On finding out NBC had two executives dedicated to Second Life – they'd recently had a Christmas tree lighting in the virtual world: "After I discovered we had two execs I asked how many pepole did the tree lighting and it was something like 4,000 whereas 10 million watched the TV show. The reality is the numbers are not quite there yet. We're looking at creating audience and building community in a more profound way and hopefully those numbers will continue to increase. "

Wednesday, April 09, 2008

Stalking David Duchovny

No, not really, but I think the caller would rather I did. The TV Talk episode featuring me talking Canadian TV (sort of) and plugging the upcoming TV, eh? Internet radio show is now available here. It's pretty ... random. But it was fun. I come in an hour into it (look for the player on the right side).

Tuesday, April 08, 2008

TV, eh? on TV Talk radio

Tomorrow (Wednesday, April 9) at 4 pm Pacific time I'll be on TV Talk, an internet radio show hosted by Shaun "OMac" Daily (the guy credited with putting the nuts in Jericho's fan campaign). I'll be on after the TV Squad people, talking about Canadian TV. It's a live call-in show so feel free to call in at 1-646-915-9925, or check to see if there's a Click to Talk button when the show's live.

I hadn't meant to announce this so soon, but the reason for that appearance is that I'll be relaunching the sporadic TV, eh? podcast as a monthly radio show on Blogtalkradio.

It'll be under the Blogcritics (aka "BC Magazine") channel, and produced with the participation of a great group of people from Canadian TV circles: fans, critics, industry folks. (Want to participate? Let me know.).

Stay tuned for more information on the first show, but it'll air live on Sunday, April 20 at 2 pm EDT then be available as a podcast afterwards. It looks like it will be monthly for now, on the third Sunday of each month at 2 pm EDT. Terrible time to ensure guests and live callers, I know, but the best time to ensure a host (aka me). Can't win 'em all.

Partly because of the Blogcritics connection, partly because of the live call-in element, partly because of how much like pulling teeth it was to arrange the previous podcasts, it won't focus exclusively on Canadian shows. It will be Canucks talking television in all its forms, and of course all Internet citizens are welcome to join in as guests and call-in visitors. No, this isn't an excuse to let me talk a bit about House and Pushing Daisies under the TV, eh? banner. That's just a bonus.

Monday, April 07, 2008

Truth and Consequences

I can't help myself. I got another one of those glurgy chain emails today, intended to be heartwarming but really just a steaming pile that came from another part of the body. And because I'm me, I sent my friend the Snopes page debunking the story behind it even though I know, I know, I know, no one wants to know the truth when the fiction is more interesting.

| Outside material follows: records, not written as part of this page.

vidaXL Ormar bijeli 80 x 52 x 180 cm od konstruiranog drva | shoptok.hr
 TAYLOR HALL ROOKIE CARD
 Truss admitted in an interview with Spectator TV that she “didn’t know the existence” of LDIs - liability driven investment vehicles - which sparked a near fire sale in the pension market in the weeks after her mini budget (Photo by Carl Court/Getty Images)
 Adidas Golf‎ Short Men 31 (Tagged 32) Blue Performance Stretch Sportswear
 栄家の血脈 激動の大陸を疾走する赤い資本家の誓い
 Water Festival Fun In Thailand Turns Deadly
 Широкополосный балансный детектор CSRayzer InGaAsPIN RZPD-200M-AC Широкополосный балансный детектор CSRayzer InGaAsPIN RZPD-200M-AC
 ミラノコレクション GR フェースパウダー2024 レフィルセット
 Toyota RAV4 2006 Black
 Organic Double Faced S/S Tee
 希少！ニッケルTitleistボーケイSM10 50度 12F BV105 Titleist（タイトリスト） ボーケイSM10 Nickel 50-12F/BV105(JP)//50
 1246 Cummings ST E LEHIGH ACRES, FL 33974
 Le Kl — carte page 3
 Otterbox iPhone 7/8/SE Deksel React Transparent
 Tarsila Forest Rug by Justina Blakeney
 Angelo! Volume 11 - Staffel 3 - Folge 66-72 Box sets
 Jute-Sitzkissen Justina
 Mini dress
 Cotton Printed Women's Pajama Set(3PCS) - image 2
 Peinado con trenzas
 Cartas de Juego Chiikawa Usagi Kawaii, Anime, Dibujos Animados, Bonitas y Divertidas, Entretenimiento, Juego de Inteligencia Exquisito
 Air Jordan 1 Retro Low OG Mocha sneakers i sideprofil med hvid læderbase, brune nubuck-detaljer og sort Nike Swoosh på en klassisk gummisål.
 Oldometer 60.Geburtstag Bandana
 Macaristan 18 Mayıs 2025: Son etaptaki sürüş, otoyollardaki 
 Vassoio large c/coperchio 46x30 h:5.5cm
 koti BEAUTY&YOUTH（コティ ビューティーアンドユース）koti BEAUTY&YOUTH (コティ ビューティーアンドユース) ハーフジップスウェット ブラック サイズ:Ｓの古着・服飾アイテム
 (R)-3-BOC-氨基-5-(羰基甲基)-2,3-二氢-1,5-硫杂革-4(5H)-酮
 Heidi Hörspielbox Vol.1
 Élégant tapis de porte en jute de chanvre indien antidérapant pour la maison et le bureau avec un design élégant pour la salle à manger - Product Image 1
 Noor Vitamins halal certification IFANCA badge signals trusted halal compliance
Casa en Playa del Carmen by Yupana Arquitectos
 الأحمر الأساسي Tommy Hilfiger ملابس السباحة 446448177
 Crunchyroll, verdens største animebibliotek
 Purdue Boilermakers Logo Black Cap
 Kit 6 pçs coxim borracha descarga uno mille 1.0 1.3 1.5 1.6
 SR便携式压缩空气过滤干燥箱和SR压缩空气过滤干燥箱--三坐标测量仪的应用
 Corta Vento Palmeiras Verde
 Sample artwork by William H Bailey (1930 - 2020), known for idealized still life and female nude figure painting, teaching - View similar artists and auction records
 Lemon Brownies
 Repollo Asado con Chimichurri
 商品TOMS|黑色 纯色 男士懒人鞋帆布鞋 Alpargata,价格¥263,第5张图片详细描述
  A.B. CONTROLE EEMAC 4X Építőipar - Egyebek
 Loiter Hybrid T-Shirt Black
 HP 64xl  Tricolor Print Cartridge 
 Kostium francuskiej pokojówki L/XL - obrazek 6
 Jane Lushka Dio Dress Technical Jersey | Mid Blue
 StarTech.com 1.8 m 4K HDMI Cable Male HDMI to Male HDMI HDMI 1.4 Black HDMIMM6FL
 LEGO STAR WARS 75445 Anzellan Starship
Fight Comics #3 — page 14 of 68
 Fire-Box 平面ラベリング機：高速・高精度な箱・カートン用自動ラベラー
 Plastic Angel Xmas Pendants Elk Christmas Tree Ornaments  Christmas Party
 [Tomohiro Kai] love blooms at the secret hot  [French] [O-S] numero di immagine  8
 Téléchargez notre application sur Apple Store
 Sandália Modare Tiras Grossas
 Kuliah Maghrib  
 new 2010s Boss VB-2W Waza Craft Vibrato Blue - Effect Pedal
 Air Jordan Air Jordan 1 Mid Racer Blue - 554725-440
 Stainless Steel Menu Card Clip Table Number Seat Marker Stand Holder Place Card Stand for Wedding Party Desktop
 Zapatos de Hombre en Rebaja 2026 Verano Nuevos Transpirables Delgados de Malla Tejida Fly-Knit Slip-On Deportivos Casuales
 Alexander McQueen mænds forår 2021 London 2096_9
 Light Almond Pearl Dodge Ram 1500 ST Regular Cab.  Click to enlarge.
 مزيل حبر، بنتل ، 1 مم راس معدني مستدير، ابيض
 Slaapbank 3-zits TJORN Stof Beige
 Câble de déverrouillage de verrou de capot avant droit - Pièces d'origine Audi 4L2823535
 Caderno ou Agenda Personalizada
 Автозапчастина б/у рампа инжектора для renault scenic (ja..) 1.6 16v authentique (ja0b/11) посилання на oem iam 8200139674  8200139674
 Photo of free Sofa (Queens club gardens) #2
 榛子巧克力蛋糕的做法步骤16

You know the one about Mariah Carey saying she'd like to be as skinny as starving kids, just not with the flies and death and stuff? Never happened. Except in a satirical article that got picked up by legitimate newspapers who didn't recognize the satire. Bill Gates won't give you money depending on how many emails you forward, either.

But it's more interesting to believe Mariah Carey is just that stupid and insensitive, or that we can get a slice of the Microsoft pie. And interesting too often trumps truth, even when we're framing it as reality.

After the exposed fraud of Misha: A Memoir of the Holocaust Years, the latest to be revealed as pure fiction was Love and Consequences by Margaret B. Jones, purportedly “a half-white, half-Native American girl growing up in South-Central Los Angeles as a foster child among gang-bangers, running drugs for the Bloods.” In reality, Jones is the pseudonym of Margaret Seltzer, “who is all white and grew up in the well-to-do Sherman Oaks section of Los Angeles, in the San Fernando Valley, with her biological family.”

In university, my favourite set of courses were in creative non-fiction writing. In one, my friend Bonnie made a terrible confession to our professor, a stern Icelandic-Canadian author whose measured praise was prized and off-hand dismissals feared.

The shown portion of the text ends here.